**Problem**: Would you filter the listing below so that only lines with the word "Perfect" remain?

**Provided records**:

--------

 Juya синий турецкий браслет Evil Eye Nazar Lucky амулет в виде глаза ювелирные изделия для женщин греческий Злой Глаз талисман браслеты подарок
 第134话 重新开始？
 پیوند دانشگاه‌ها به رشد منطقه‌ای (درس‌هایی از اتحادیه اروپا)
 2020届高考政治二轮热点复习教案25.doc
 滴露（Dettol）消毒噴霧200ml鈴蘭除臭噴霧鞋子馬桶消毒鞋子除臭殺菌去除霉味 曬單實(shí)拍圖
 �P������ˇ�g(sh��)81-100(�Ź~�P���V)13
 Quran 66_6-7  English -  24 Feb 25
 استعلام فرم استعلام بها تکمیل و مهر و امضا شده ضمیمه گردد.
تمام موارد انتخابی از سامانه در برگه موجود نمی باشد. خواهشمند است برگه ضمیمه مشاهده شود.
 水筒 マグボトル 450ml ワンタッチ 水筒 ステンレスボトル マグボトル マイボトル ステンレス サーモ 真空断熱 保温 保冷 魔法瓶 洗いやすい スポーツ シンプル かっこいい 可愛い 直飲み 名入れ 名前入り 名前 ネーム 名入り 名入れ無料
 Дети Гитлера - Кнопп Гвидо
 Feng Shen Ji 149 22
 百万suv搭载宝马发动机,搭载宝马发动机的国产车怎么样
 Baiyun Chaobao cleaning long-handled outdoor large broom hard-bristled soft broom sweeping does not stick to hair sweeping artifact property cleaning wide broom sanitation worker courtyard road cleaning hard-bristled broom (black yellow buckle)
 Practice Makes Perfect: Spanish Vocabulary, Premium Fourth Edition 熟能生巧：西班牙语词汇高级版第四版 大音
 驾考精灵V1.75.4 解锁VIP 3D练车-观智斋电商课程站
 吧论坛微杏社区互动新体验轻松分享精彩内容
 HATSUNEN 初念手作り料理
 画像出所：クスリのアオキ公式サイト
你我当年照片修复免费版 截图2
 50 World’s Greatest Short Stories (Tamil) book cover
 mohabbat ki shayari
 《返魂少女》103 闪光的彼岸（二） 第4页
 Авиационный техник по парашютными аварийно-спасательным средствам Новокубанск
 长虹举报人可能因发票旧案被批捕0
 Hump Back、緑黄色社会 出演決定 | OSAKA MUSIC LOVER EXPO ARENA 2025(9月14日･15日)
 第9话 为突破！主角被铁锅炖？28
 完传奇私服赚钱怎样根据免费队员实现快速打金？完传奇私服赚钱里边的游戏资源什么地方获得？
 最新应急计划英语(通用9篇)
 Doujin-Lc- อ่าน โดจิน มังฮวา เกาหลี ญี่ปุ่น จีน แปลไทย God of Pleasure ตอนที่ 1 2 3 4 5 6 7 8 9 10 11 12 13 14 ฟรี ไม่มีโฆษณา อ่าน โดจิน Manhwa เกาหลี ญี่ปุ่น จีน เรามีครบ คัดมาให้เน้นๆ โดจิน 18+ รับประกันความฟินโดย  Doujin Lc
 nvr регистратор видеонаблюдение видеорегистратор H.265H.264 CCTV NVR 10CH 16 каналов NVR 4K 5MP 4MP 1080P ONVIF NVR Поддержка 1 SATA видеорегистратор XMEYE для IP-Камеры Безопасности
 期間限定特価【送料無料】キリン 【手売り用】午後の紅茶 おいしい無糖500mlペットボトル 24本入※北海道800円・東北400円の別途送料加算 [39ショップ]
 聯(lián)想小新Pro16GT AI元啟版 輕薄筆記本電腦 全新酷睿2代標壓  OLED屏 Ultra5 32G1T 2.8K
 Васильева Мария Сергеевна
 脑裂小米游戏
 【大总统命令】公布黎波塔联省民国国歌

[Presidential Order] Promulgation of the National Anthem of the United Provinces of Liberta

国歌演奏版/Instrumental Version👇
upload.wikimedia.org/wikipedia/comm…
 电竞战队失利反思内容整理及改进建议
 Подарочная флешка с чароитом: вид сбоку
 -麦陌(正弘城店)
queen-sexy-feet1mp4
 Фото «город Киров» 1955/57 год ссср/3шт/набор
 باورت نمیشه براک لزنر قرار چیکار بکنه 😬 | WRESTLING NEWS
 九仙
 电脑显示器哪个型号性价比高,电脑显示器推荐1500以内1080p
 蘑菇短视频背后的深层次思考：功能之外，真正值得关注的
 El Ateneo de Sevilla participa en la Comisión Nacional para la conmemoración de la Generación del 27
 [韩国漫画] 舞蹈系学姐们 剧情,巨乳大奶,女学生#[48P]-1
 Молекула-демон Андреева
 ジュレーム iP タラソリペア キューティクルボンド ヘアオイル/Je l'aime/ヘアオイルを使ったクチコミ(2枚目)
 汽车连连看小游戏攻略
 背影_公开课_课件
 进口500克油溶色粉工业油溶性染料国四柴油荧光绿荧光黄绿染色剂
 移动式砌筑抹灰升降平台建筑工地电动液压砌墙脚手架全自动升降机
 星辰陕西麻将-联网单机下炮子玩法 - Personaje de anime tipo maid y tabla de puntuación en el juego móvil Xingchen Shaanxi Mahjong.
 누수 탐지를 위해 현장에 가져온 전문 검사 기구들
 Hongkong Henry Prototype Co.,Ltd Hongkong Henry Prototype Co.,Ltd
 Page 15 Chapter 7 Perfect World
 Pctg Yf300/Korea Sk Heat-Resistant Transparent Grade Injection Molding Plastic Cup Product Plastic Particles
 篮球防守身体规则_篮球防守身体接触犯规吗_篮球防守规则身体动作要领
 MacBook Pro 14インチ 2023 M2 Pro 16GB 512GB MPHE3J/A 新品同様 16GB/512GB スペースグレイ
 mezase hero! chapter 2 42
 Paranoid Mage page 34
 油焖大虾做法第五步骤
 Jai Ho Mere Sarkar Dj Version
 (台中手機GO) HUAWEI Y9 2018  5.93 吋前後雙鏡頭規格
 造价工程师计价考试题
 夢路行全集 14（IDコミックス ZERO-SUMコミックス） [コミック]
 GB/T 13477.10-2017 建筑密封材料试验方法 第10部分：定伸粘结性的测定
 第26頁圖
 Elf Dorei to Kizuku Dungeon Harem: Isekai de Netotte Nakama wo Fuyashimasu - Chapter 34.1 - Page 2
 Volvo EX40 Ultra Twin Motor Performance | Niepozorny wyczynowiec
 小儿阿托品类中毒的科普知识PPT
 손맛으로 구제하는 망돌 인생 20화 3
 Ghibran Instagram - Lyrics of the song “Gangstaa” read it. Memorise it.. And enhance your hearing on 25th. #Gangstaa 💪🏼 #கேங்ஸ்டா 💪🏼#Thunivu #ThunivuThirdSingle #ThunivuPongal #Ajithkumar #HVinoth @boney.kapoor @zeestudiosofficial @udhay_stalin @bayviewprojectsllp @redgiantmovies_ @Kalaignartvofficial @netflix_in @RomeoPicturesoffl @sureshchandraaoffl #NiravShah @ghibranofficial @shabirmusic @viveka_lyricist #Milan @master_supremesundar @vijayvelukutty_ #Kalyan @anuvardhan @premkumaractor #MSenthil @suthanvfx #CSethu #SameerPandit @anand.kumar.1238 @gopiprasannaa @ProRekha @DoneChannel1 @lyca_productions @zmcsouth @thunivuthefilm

--------

**Result of the task**:
 Practice Makes Perfect: Spanish Vocabulary, Premium Fourth Edition 熟能生巧：西班牙语词汇高级版第四版 大音
 Page 15 Chapter 7 Perfect World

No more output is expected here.